6. Trying to Float: Coming of Age in the Chelsea Hotel by Nicolaia Rip

It’s no wonder the Chelsea Hotel continues to inspire writers and artists, having housed some of the best and well-known personalities in the field. Becoming famous in the late '60s and '70s as a hub for larger-than-life stars like Jackson Pollack , Robert Mapplethorpe , Patti Smith, Andy Warhol , Bob Dylan, Sid Vicious, and many others, the legendary Chelsea Hotel sets the stage for this darkly comic memoir by a resident of the hotel today. An awkward yet sophisticated girl struggling to find her place in a cliquish public school, author Nicolaia Rip was born in 1999 yet has the wisdom and insight of an old soul. (That’s not a typo... Rips is, in fact, currently 17-years-old.) This coming-of-age story is a breezy read and offers a fresh perspective on a storied narrative.

7. Diane Arbus: Portrait of a Photographer by Arthur Ludlow


Okay, we’ll admit this recommendation doesn’t fit our list’s criteria for memoirs and novels, but we couldn’t possibly leave out this definitive biography of one of the most influential photographers of our time, Diane Arbus —particularly since a magisterial new show of early work just opened at the Met Breuer . Arbus’s poignant photographs are evidence of this courageous artist’s extraordinary life, which biographer Arthur Ludlow brings into vivid clarity with previously unpublished letters and exclusive interviews with Arbus’s friends, lovers, and peers.

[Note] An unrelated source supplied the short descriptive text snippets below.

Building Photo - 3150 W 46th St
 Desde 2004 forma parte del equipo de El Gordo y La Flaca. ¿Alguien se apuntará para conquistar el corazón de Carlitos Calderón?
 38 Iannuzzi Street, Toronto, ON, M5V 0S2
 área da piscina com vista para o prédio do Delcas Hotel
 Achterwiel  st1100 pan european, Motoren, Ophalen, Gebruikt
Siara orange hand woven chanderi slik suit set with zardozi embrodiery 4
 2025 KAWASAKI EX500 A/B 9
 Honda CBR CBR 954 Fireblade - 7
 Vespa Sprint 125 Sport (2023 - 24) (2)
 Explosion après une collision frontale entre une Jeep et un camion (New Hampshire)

A must-read for Arbus fans, aspiring photographers, or really anyone with an appreciation for strong-willed originality, Diane Arbus: Portrait of a Photographer promises to inspire and delight.

8. Georgia by Dawn Tripp

A new book about Georgia O’Keefffe, probably the most famous—and most written-about—female artist of the 20th century, seems like it would be unavoidably cliché. But somehow, Georgia ’s author, Dawn Tripp, has managed to write a novel spanning the adult life of O’Keeffe, narrated by the artist herself, in an original way that breaths new life into the famous relationship between the painter and photographer Alfred Stieglitz.

9. The Weeping Woman by Zoé Valdés

Picasso was a lot of things—but none of those things was being a good boyfriend. In this novel speculatively narrated by Dora Maar, the Surrealist photographer who acted as Picasso’s muse for a decade before he left her for Françoise Gilot, The Weeping Woman is an intelligent and funny read. Following Maar's mysterious life after Picasso, the narrative weaves in and out of present and past, tethered to her 1958 trip to Venice with writer James Lord and his former lover, Bernard Minoret.